Craigie Stevenson highlights that the company successfully migrated 40% of its network, with access to 7,500 towers of which 95% are 4G/LTE enabled. He adds that now four provinces are fully migrated, namely Eastern Cape, Free State, Northern Cape and Limpopo.
“We will continue to add new sites which will reduce our network deficit. In two years, we will have access to more than 12,500 sites across the country improving the quality and coverage of our network. This has enabled us to get back into the broadband market, reconsider the mix of products we offer and sustain our average revenue per user (ARPU) at $4.41 (R66) year-on-year while growing the prepaid customer base by 15% to $640K (R9,6 million) in the first half of 2021.”
Cell C Sees Subscriber Growth but Revenue Decreases
The total subscriber base has grown to close to 13.0 million from 11.7-million in H1 2020.

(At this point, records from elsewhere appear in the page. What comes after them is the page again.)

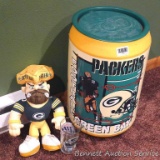Green Bay Packers garbage can, stuffed cheesehead figure, shot glass and beer glass. Garbage can
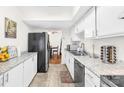 Galley kitchen features white cabinets, granite countertops, stainless steel dishwasher, and dining area access at 7407 Mystic Ln, Charlotte, NC 28227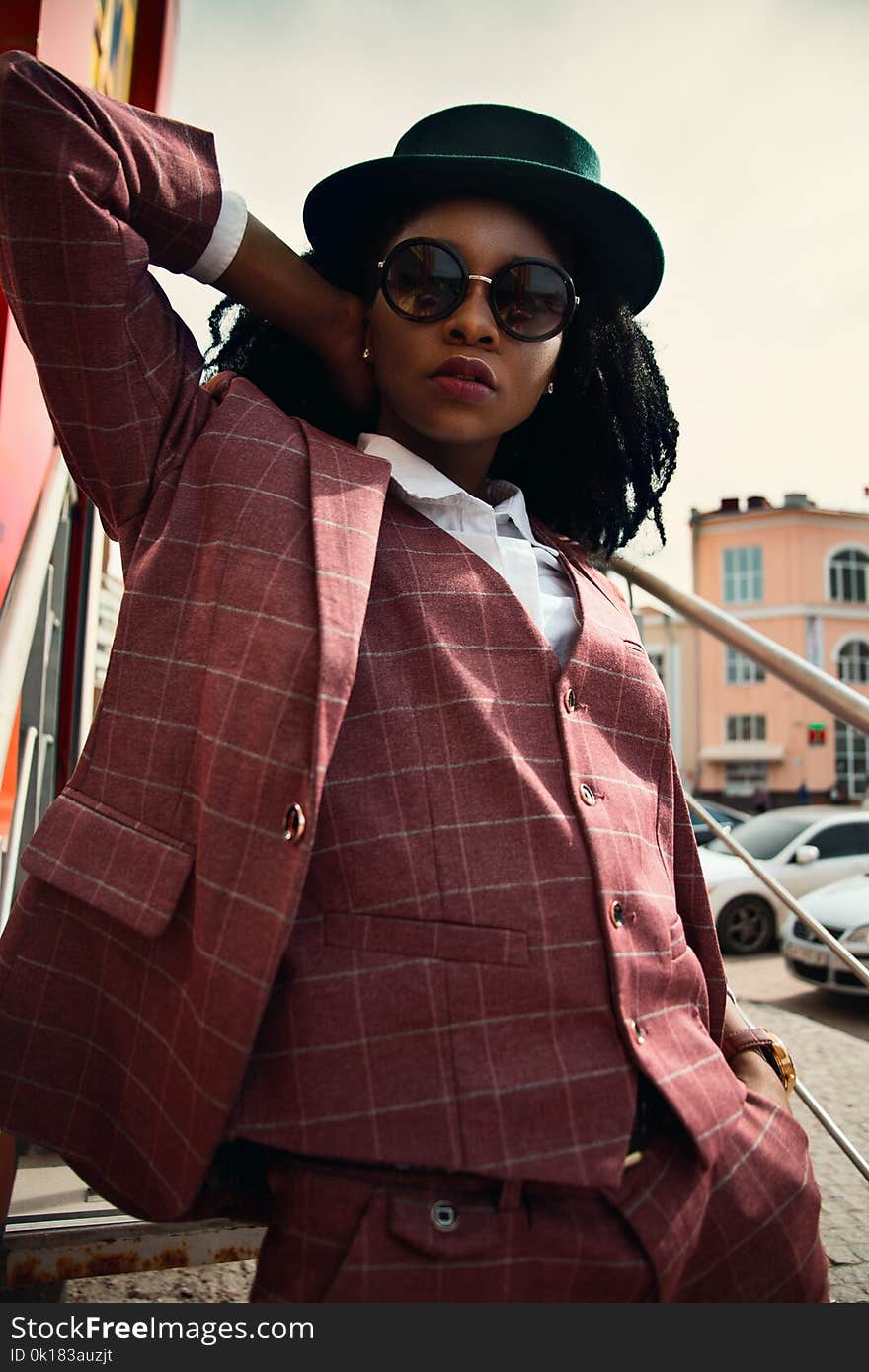 Woman in Maroon Buttoned Coat Wearing Black Hat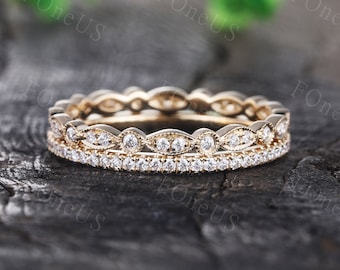 May include: Two delicate gold wedding bands with a vintage design. The top band features a row of small round diamonds set in a scalloped pattern. The bottom band has a row of smaller diamonds set in a straight line.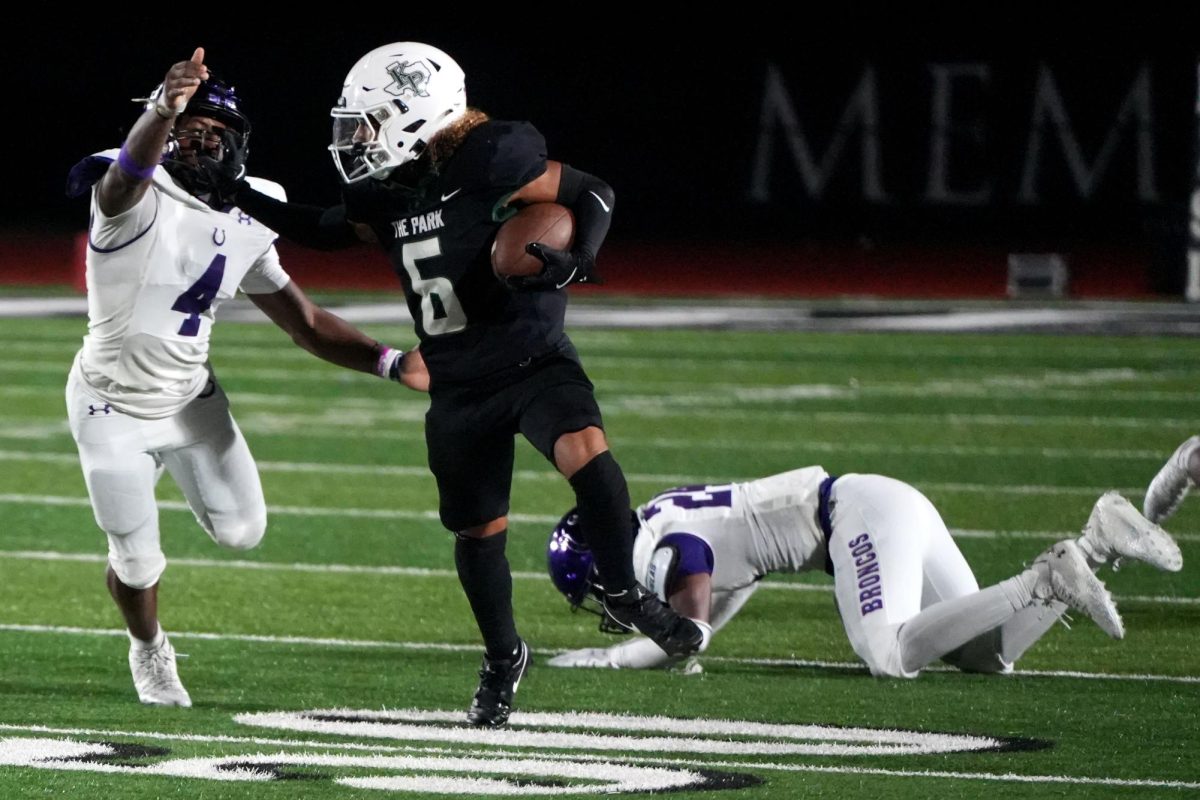 Sophomore Kye Wehby fights to beat two defenders as he carries the ball against Dayton on Sept. 6. 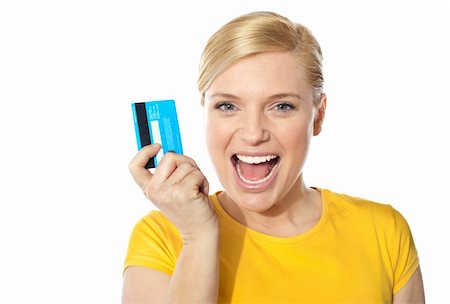 Blond sales girl posing with credit card and smiling at camera Stock Photo - Budget Royalty-Free & Subscription, Code: 400-06422761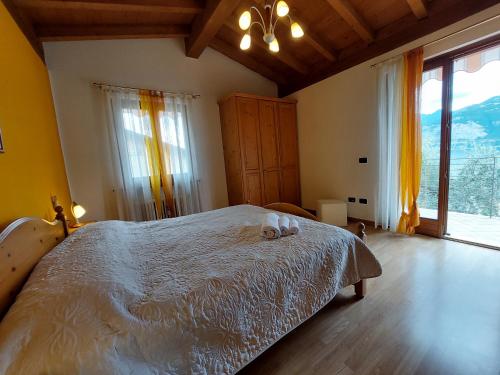 a bedroom with a bed and a large window at Casa Graziella in Malcesine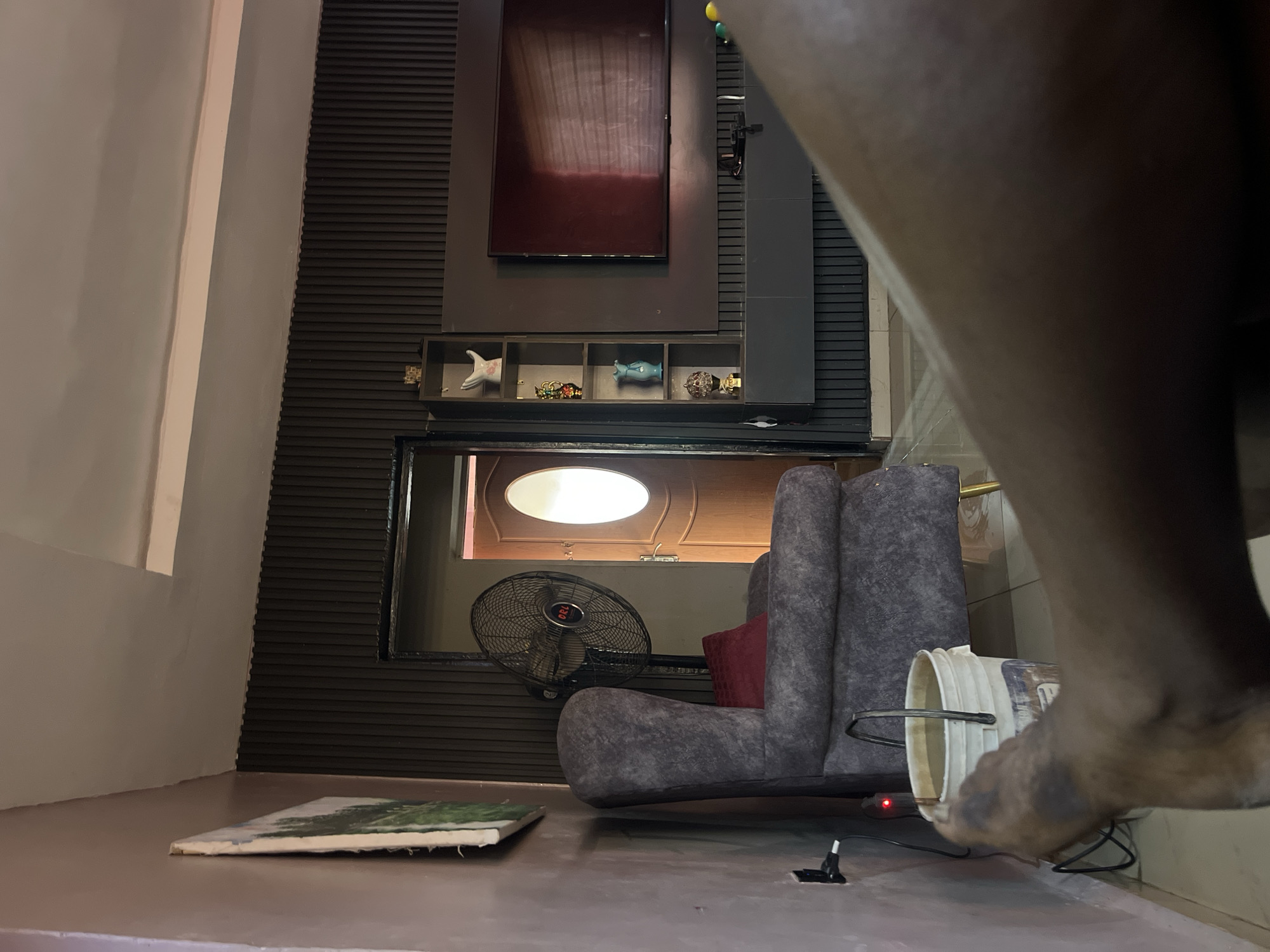 This is a medium shot, indoor photograph taken in a living room. The room has dark, textured walls and a pale ceiling. On the left wall hangs a framed painting of a landscape. In the center of the room, a tall, grey upholstered armchair with a dark red cushion sits in front of a large, black oscillating fan. To the right of the fan, a doorway leads into another room, revealing a wooden door with an oval window. A tall, dark shelf unit with several decorative items is mounted on the wall to the right of the doorway. A large, flat-screen television is mounted on the wall above a dark cabinet below the shelves. In the foreground, a person's bare leg and foot are visible, with the foot appearing dirty. To the left of the foot is a white bucket filled with water. A black electrical cord runs from an outlet on the wall to the fan, with a small red indicator light visible on the cord. The overall impression is of a lived-in space.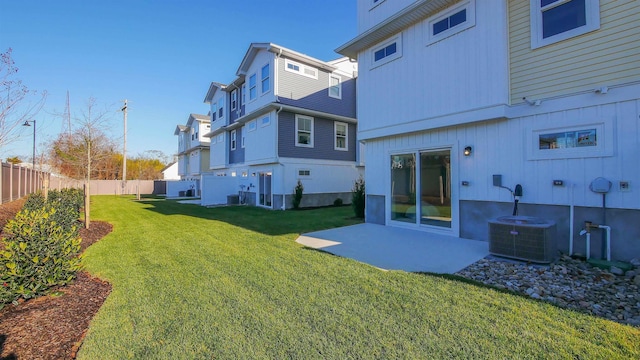 rear view of house with a yard and central air condition unit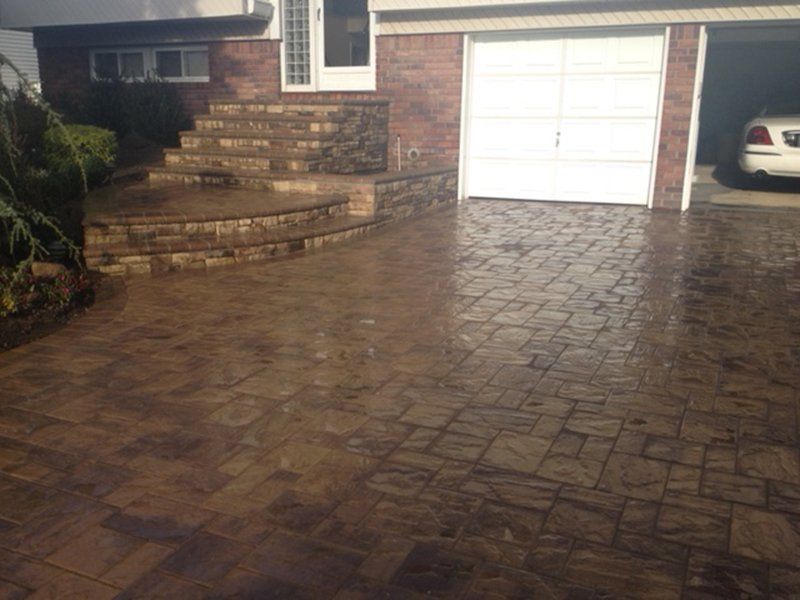wet brown stone long driveway and stone steps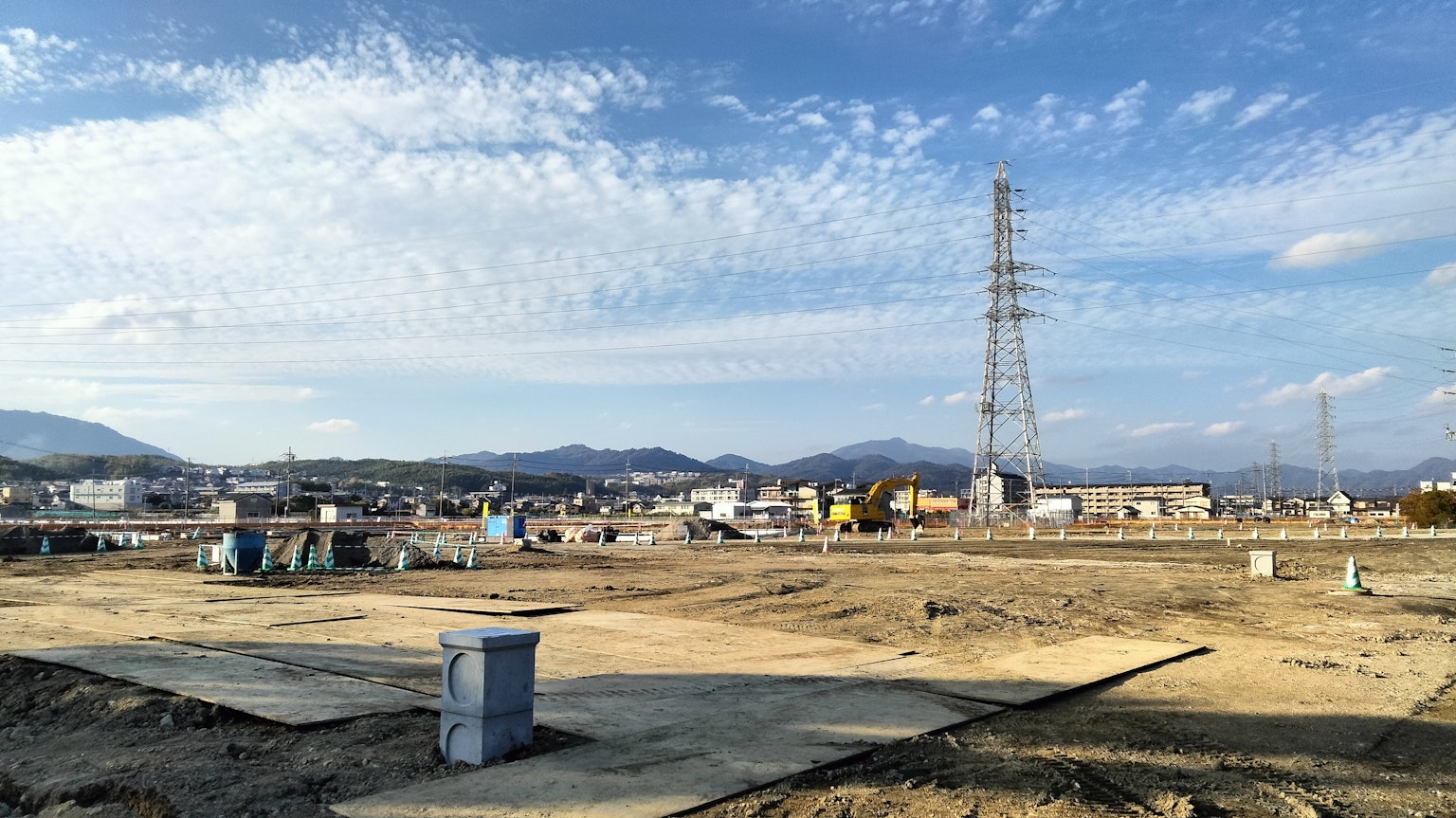 Vista de un cielo amplio y un sitio de construcción con líneas eléctricas al fondo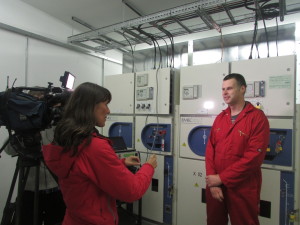 Jenny Hill interviewing Bryan Rendall in the EMEC substation at Billia Croo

Total revenue for the 6-month period was down by 5% to $440-million (R6,6-billion) compared to $460-million (R6.9-billion) in H1 2020, with the largest part of the revenue contribution from Cell C’s prepaid base at $200.2-million (R3-billion) as compared to $206.9-million (R3,1-billion) in H1 2020 and a reduction in its postpaid base by 25% to $37.5-million (R563-million) as compared to $503.3-million (R754-million) in H1 2020.
The company assures that the contract and broadband revenue decrease is in line with Cell C’s approach to optimise its customer base.
“To improve the overall operational efficiency and returns of managing its 1.6 million postpaid and contract broadband subscriber base Cell C entered into a commercial agreement with Comm Equipment Company and Vodacom. Underlying this decision was the opportunity to move away from heavily subsidised devices, which Cell C could not get a return on due to its network shortfall. Going forward, as the network quality continues to improve the company will offer products based on customer need rather than driven by the device subsidy.”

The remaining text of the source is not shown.